II. Die Rekonstruktion der Stammesgeschichte
phylogenetische Systematik, Fossilien, Übergangsformen und Artbildung
2.1. Fossilienlücken und Artbildung
Der Evolutionsinteressierte bekommt von Antievolutionisten meist die Lückenhaftigkeit des Fossilbefunds gegen die Evolutionstheorie ins Felde geführt, das heißt es wird behauptet, das regelmäßige Fehlen von Übergangsformen widerlege die Hypothese vom kontinuierlichen Artenwandel und dazuhin die gesamte Abstammungslehre:
"Aus paläontologischer Sicht kann zwar vielfach ein erdgeschichtlich nacheinander erfolgtes Auftreten neuer und 'höherer' Baupläne bewiesen werden, jedoch (...) keine realgenetische Stammesentwicklung, da echte Übergangsformen regelmäßig fehlen. Es scheint an der Zeit, die neodarwinistische Theorie zu korrigieren oder ganz aufzugeben (...)" "Als Fazit (...) betont auch Oskar Kuhn (...) 'Mit der Feststellung, daß die Typen und Subtypen unvermittelt auftreten, ist die klassische Abstammungslehre, deren Sinngebung ja gerade darin lag, daß sie kleinste Schritte, die keiner eigentlichen Erklärung zu bedürfen scheinen, zu großen Wirkungen addierte, widerlegt.' "
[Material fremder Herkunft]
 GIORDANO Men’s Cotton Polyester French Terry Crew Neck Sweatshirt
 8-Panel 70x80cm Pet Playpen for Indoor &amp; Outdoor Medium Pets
(KAHLE, 1999, S. 141, 137)
Nun ist der Feststellung, daß zwischen den Fossilien große Lücken klaffen, zwar zuzustimmen,
KAHLEs sowie KUHNs Schlußsentenz muß aber aus mehreren Gründen zurückgewiesen werden.
Grundsätzlich rührt ein Großteil der Lücken von der Unvollständigkeit der fossilen Zeugnisse her. Im Regelfalle werden tote Tierkörper und Pflanzenreste schnell der Verwesung preisgegeben. Hartteile haben - insbesondere in marinen Habitaten - größere Chancen, überliefert zu werden, und dennoch bleibt nur ein winziger Bruchteil fossil erhalten (KUTSCHERA, 2001, S. 52, 225 f.). Solche Tierstämme, deren Vertreter überhaupt keine Hartteile aufweisen, sind fossil sogar überwiegend unbekannt und nur in Einzelfällen dokumentiert worden (ZIEGLER, 1972). Daraus erklärt sich, daß von den nichtsklerotisierten Frühformen des Lebens aus dem Präkambrium in aller Regel Zeugnisse fehlen (HASZPRUNAR, 1994, S. 145).